The amount was the revenue accruable to the federation account in November 2022.

Out of the amount, the Federal Government received N358.515 billion, the State Governments received N270.836 billion and the Local Government Councils received N204.130 billion.

A total sum of N68.572 billion was shared to the relevant oil-producing states as 13% derivation revenue.

A communiqué issued at the end of the FAAC meeting for December  2022 stated that the N902.053 billion total distributable revenue comprised distributable statutory revenue of N681.079 billion, distributable Value Added Tax (VAT) revenue of N202.839 billion, Exchange Gain revenue of N7.164 billion and N10.971 billion Electronic Money Transfer Levy (EMTL) revenue.

In November 2022, the total deductions for cost of collection was N40.695 billion and total deductions for transfers, refunds and levies was N232.288 billion.

The balance in the Excess Crude Account (ECA) was $473,754.57

The communiqué confirmed that gross statutory revenue of N938.618 billion was received for the month of November 2022.

This was higher than the sum of N622.270 billion received in the previous month by N316.348 billion.

From the N681.079 billion distributable statutory revenue, the Federal Government received N323.094 billion, the State Governments received N163.878 billion and the Local Government Councils received N126.343 billion. The sum of N67.765 billion was shared to the relevant states as 13% derivation revenue.

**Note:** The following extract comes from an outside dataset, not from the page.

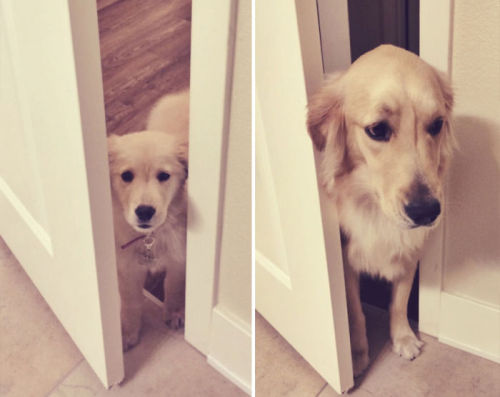 tastefullyoffensive:  Before and After Photos of Dogs Growing Up (images via boredpanda)Previously: Before and After Pictures of Animals Growing Up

For the month of November 2022, the gross revenue available from VAT was N217.825 billion. This was lower than the N229.041 billion available in the month of October 2022 by N11.216 billion.

The Federal Government received N30.426 billion, the State Governments received N101.420 billion and the Local Government Councils received N70.994 billion from the N202.839 billion distributable VAT revenue.

The N7.164 billion Exchange Gain revenue was distributed as follows: the Federal Government received N3.349 billion, the State Governments received N1.699 billion, the Local Government Councils received N1.309 billion and the relevant States received N0.807 billion as 13% derivation revenue.

From the N10.971 billion Electronic Money Transfer Levy (EMTL) revenue, the Federal Government received N1.646 billion, the State Governments received N5.485 billion and the Local Government Councils received N3.840 billion.

According to the communiqué, in the month of November 2022,  Oil and Gas Royalties and Petroleum Profit Tax (PPT) recorded significant increases while  Import and Excise Duties increased marginally.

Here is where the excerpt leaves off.